▶ Problem details: Every record below should be copied exactly, with the pictures left out.
[Input records Boundary: Start]
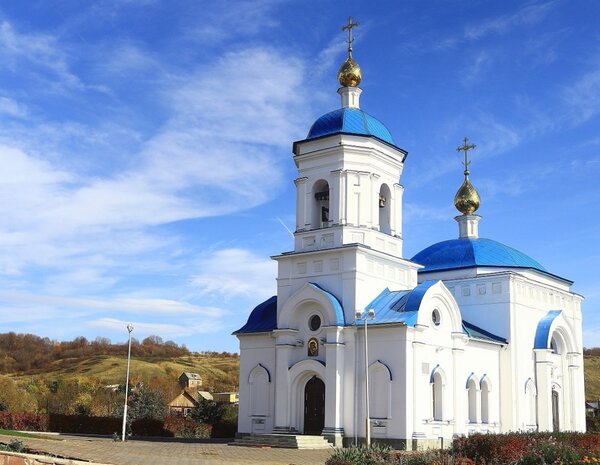 Под цвет неба и облаков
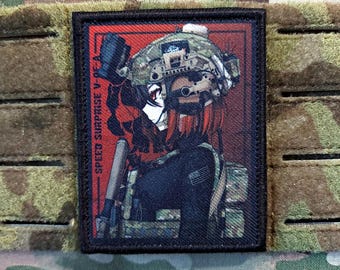 OC Mikoto By Mikhail_N762 l Military Morale Anime Patch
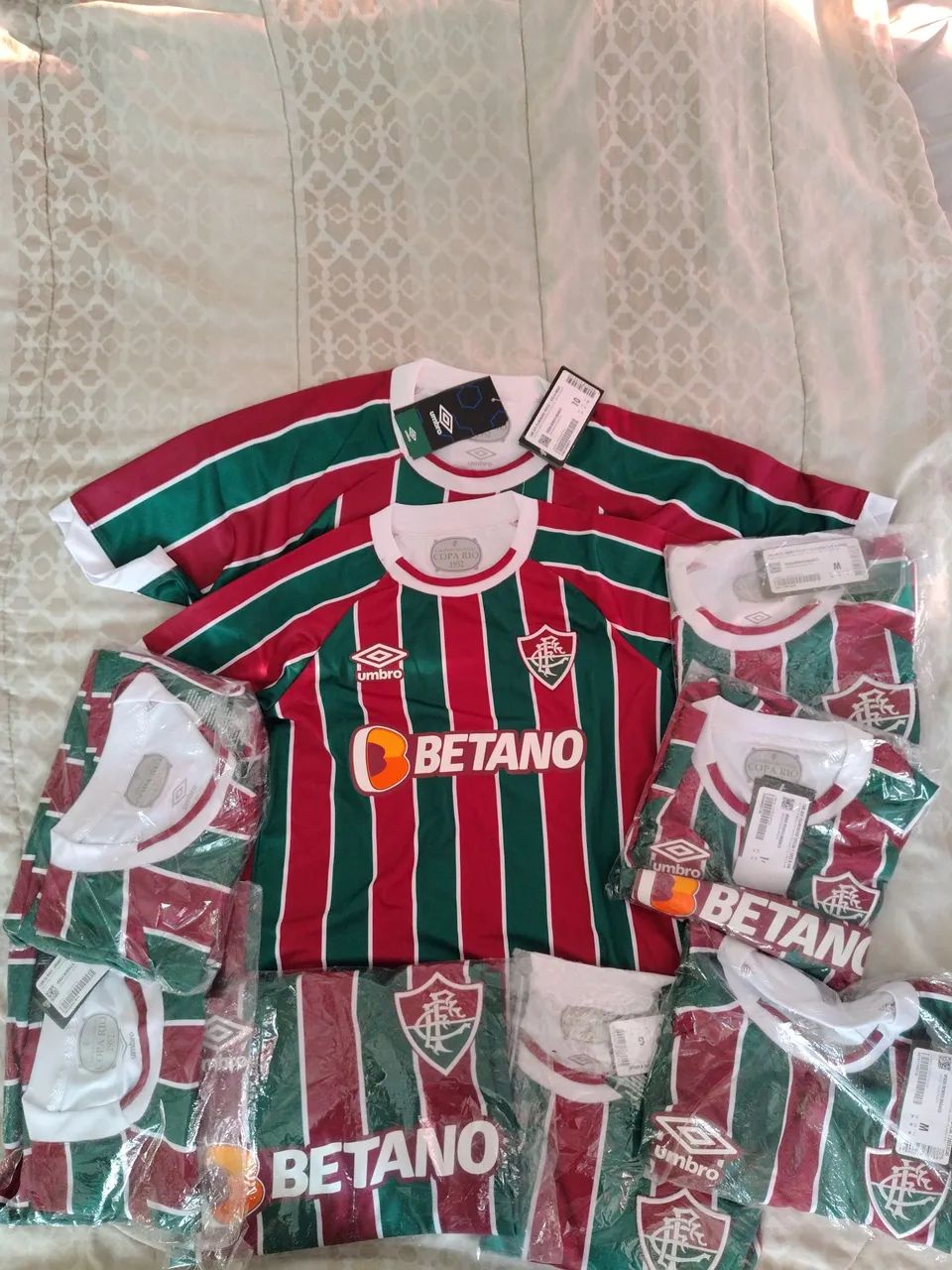 Camisa do Fluminense Libertadores 2023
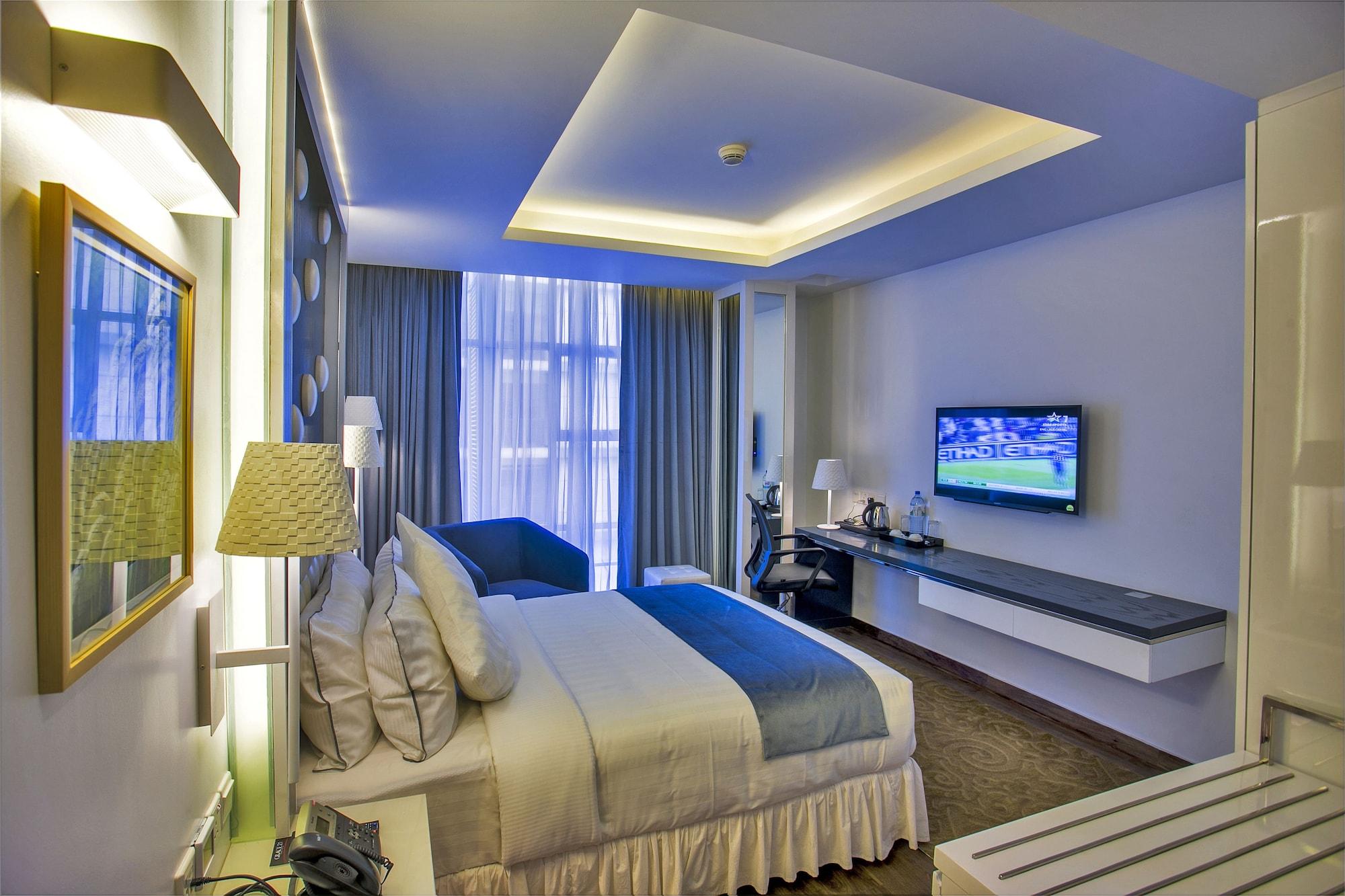 Grace 21 Smart Hotel Dhaka Exterior foto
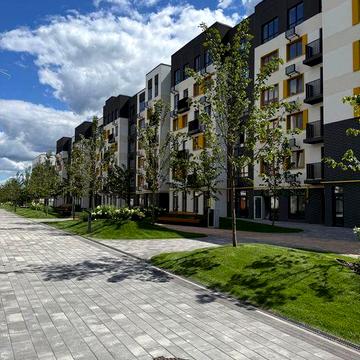Продаж 1к квартири студіі, поруч набережна та ліс, до Києва 7 хв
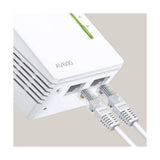 TP-Link TL-WPA4220T KIT Ripetitore di rete Bianco 10, 100 Mbit/s
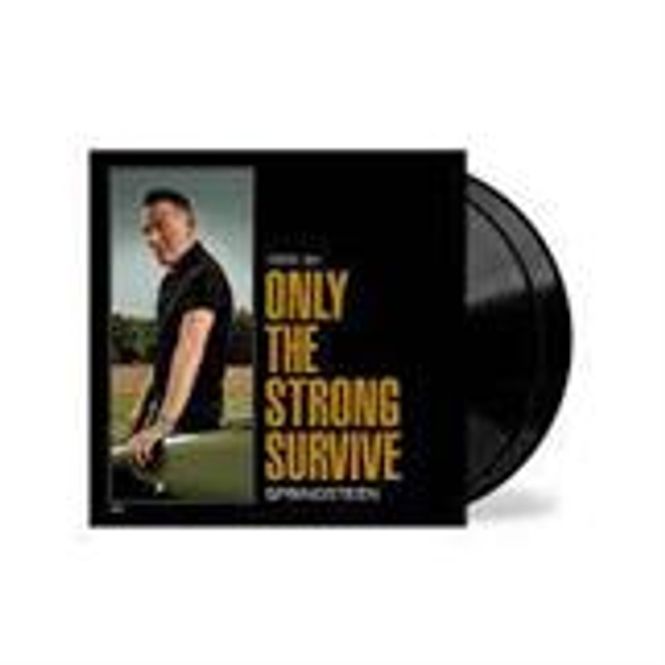 Hovedbilde Bruce Springsteen-Only The Strong Survive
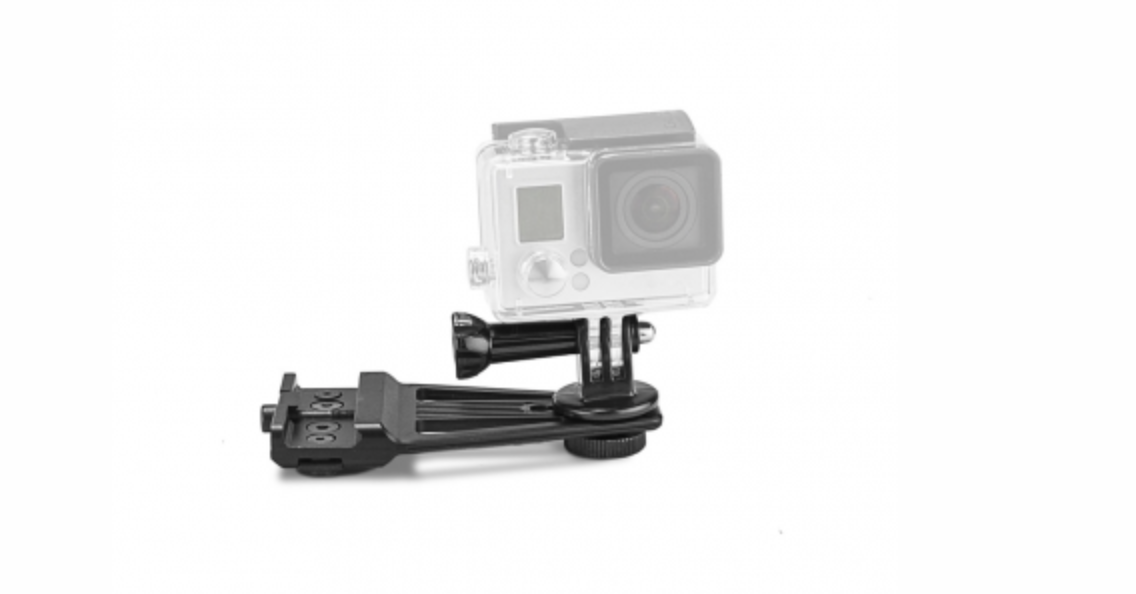 VISM Action Camera Mount w/KPM Mounting System (KeyMod/Picatinny/M-LOK)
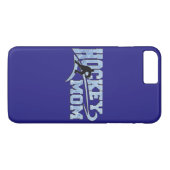 Coques Case-Mate iPhone Queue de sport Maman de hockey (Dos (Horizontal))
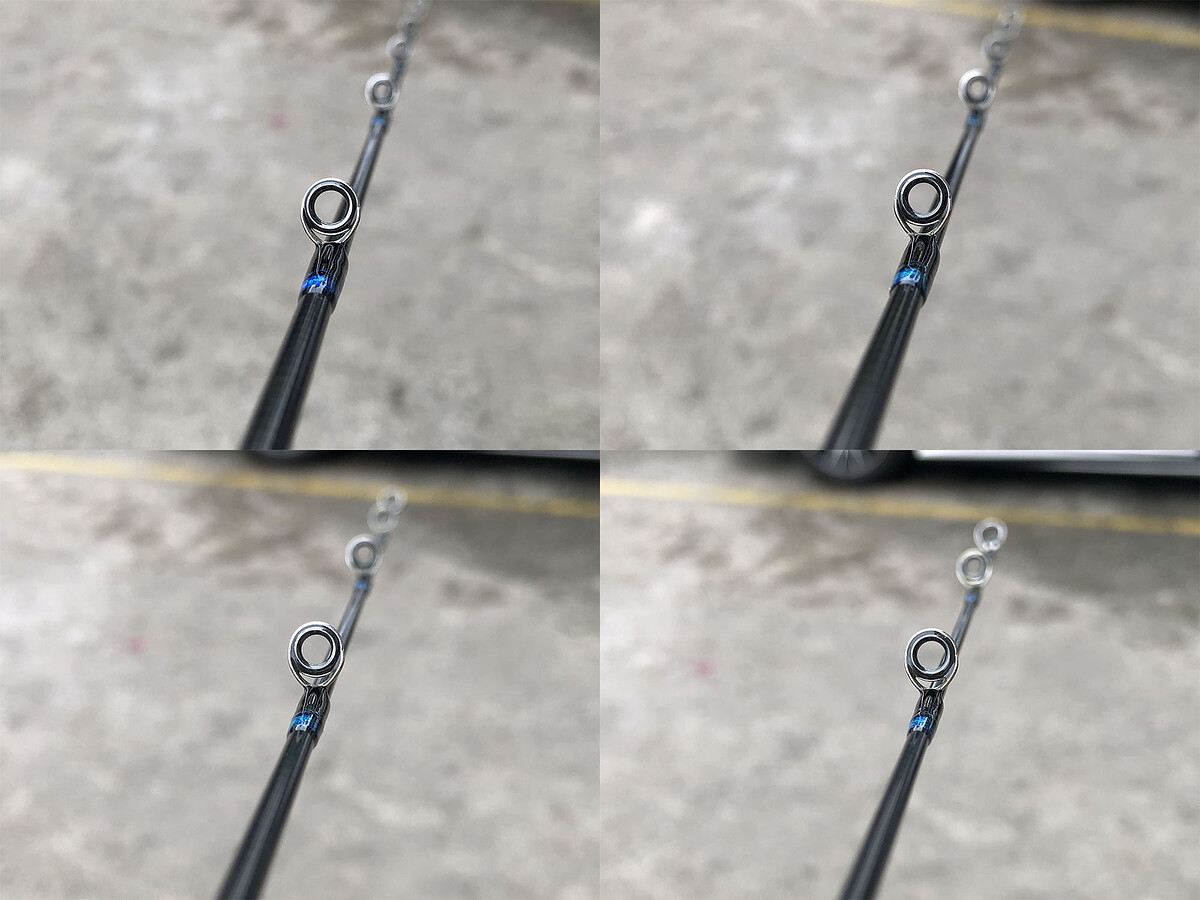 Daiwa BLAST BAY JIGGING BJ 63HS คัน 2 ท่อนต่อโคนยาว 6'3" Jig Wt: 30-120g , Line: PE0.6-1.2 คันสวยริ้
[Input records Boundary: End]
▶ Solved problem:
 Под цвет неба и облаков
 OC Mikoto By Mikhail_N762 l Military Morale Anime Patch
 Camisa do Fluminense Libertadores 2023
 Grace 21 Smart Hotel Dhaka Exterior foto
Продаж 1к квартири студіі, поруч набережна та ліс, до Києва 7 хв
 TP-Link TL-WPA4220T KIT Ripetitore di rete Bianco 10, 100 Mbit/s
 Hovedbilde Bruce Springsteen-Only The Strong Survive
 VISM Action Camera Mount w/KPM Mounting System (KeyMod/Picatinny/M-LOK)
 Coques Case-Mate iPhone Queue de sport Maman de hockey (Dos (Horizontal))
 Daiwa BLAST BAY JIGGING BJ 63HS คัน 2 ท่อนต่อโคนยาว 6'3" Jig Wt: 30-120g , Line: PE0.6-1.2 คันสวยริ้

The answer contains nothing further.